::: Data :::

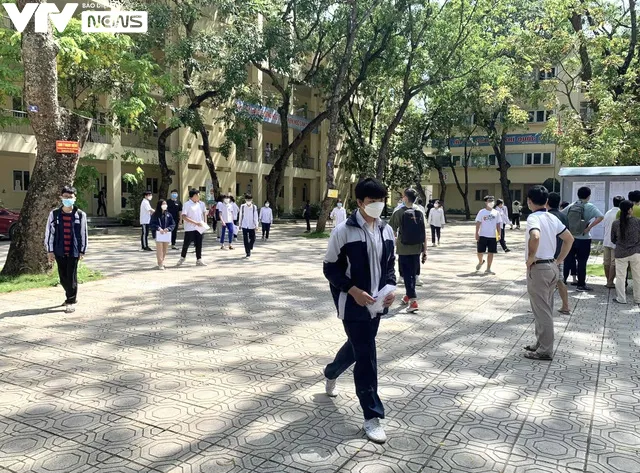 Thí sinh nói gì về đề thi Ngữ Văn vào lớp 10 Hà Nội? - Ảnh 5. Thí sinh nói gì về đề thi Ngữ Văn vào lớp 10 Hà Nội? - Ảnh 5.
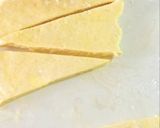 A picture of step 6 of Croissant with Margarine.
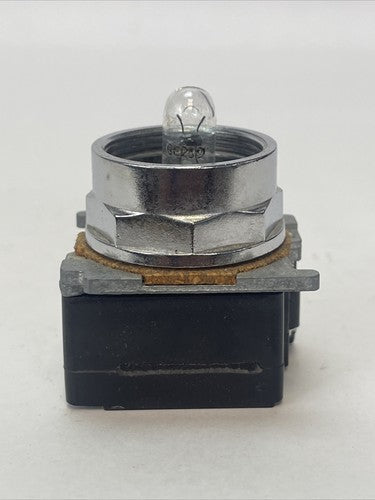 CUTLER HAMMER 10250T182 STD. IND. LIGHT TRANS. 1 HOLE MTG. 240V 50-60HZ4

:::

Assignment:
Retype exactly, and only, the lines from the one containing "A picture of" through the end of the material, leaving aside every picture.

Expected answer:
 A picture of step 6 of Croissant with Margarine.
 CUTLER HAMMER 10250T182 STD. IND. LIGHT TRANS. 1 HOLE MTG. 240V 50-60HZ4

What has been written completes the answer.